Despite this ability to gather data quickly, they are currently underutilised for ecological or biodiversity data collection. BeeID is a program of research which used Flickr as a base for data collection [64, 67]. Researchers asked individuals to tag photographs of bees with specific searchable metatags and place location data on them if it was not already embedded. Trained individuals then confirmed species identification and marked the images as processed via the addition of a new tag. A simple custom API extracted tagged photographs from Flickr and collected the data which successfully plotted bee species distributions. Considering the project had no funding and was run by a small group of individuals with limited promotion other than on social networking sites, its success demonstrates the potential benefits of using social networking for collection of scientific data. Furthermore, the study took part before the recent integration of easily accessible location data in social networks and the continued rise of smart-phone and affordable GPS and wifi enabled camera ownership.

Another facet of Web 2.0 is the very recent addition of phone applications or “apps.” These are easily integrated and simple to use; however, the release of a mobile application is not enough on its own to motivate participants and it is important to use mobile applications in an holistic approach [12]. “What’s Invasive” is a very recent citizen science programme which uses a combination of a Website and custom mobile application to allow mobile devices to collect and submit information about invasive species whilst they are observing them (http://whatsinvasive.com/). Project Noah is similar in that respect but is built primarily to engage and educate individuals in addition to collecting species data through a tagging and classification system. Project Noah also incorporates “missions” to increase motivation and promote the collection of specific species sightings (http://www.projectnoah.org/).
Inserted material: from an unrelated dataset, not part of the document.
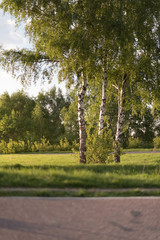 Asphalt road at sunset with birches growing along the roadside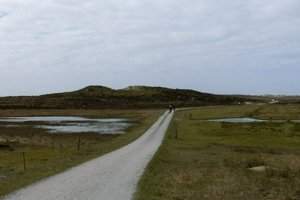 IMG_5921.jpg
A recently developed formatting language, Hypertext Markup Language 5 (HTML5), allows easier development across platforms and allows many of the features of mobile phone applications to be incorporated into Websites. Web pages can then be developed to contain full multimedia content that is easily accessible to popular technologies, something which some smart phones have found problematic due to limited Flash support (especially on Apple devices). In the past, this inability has limited some of the content available and increased the amount of work needed to replicate Web pages on smart-phones.
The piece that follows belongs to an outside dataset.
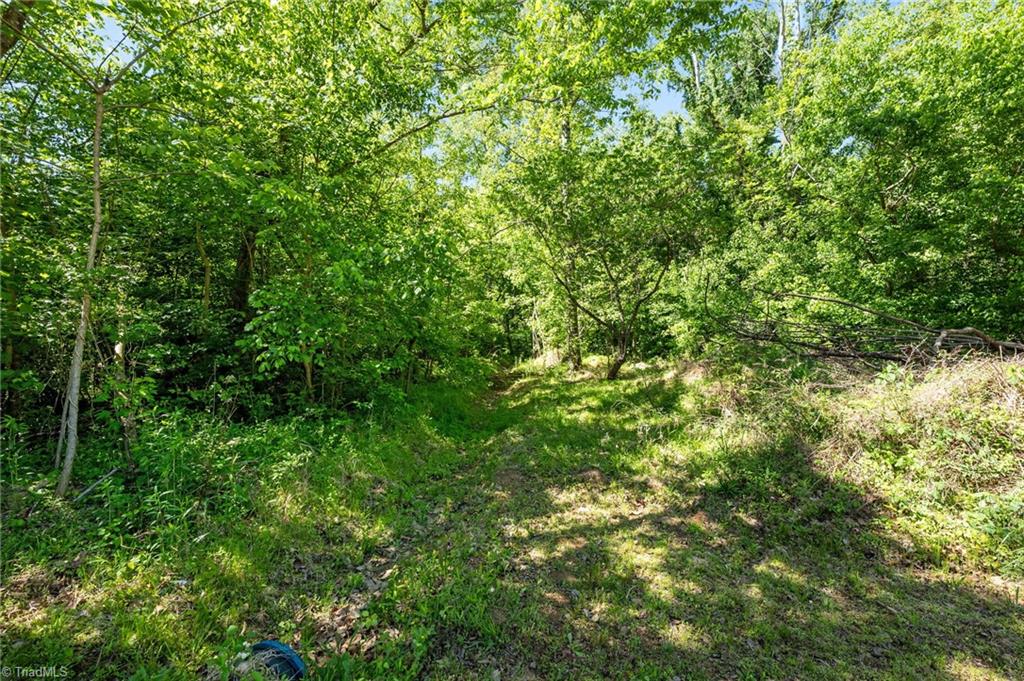 Land in Browns Summit 4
Undoubtedly, with the advent of Web 2.0 and the quickly developing technological breakthroughs, citizen science programs exploiting this technology are likely to increase exponentially in future years and should be encouraged. It is hoped that as the full potential is revealed the negative bias among the scientific community that such approaches have attracted will begin to lessen. As the population increases and we are more isolated from nature and wildlife, the use of citizen science for biodiversity studies will enable individuals to be further engaged in decision-making processes and the championing and protection of the natural environment. It is a paradigm that is evolving alongside our relationship with technology, our environment and urban ecology and cannot be ignored [69].

4. Trust and Reliability

The reluctance of the scientific community seems to predominantly stem from a mistrust of citizen science datasets due to the lack of validity assessments in academic research and published literature [70, 71]. Although many recognise that citizen science has increased the amount of data that is available, it is a concern that the quality, reliability, and overall value of these data is still preventing its adoption in many research programmes [72]. Assurance of the quality of the data is needed through rigorous scientific methods in order to allow the acceptance of citizen science data into the scientific field [20].
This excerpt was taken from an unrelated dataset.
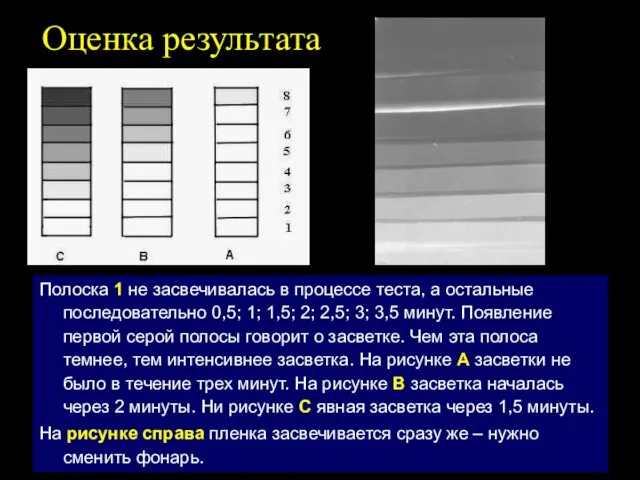 Оценка результата Полоска 1 не засвечивалась в процессе теста, а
The literature suggests that the reliability of inherently patchy data is the most questioned aspect of citizen science. Thus, being able overcome this mistrust, a huge untapped resource of citizen scientists could be opened up, increasing the scope and insight of conducted research. Potentially, this could result in large standardised spatial and temporal datasets collected by citizen sensor networks [71]. Traditional solutions to gaining credibility are to provide reliable information or gain credentials such as qualifications; however, this works only when there are “gatekeepers” to filter information, something which is not possible with the internet on a global scale [73].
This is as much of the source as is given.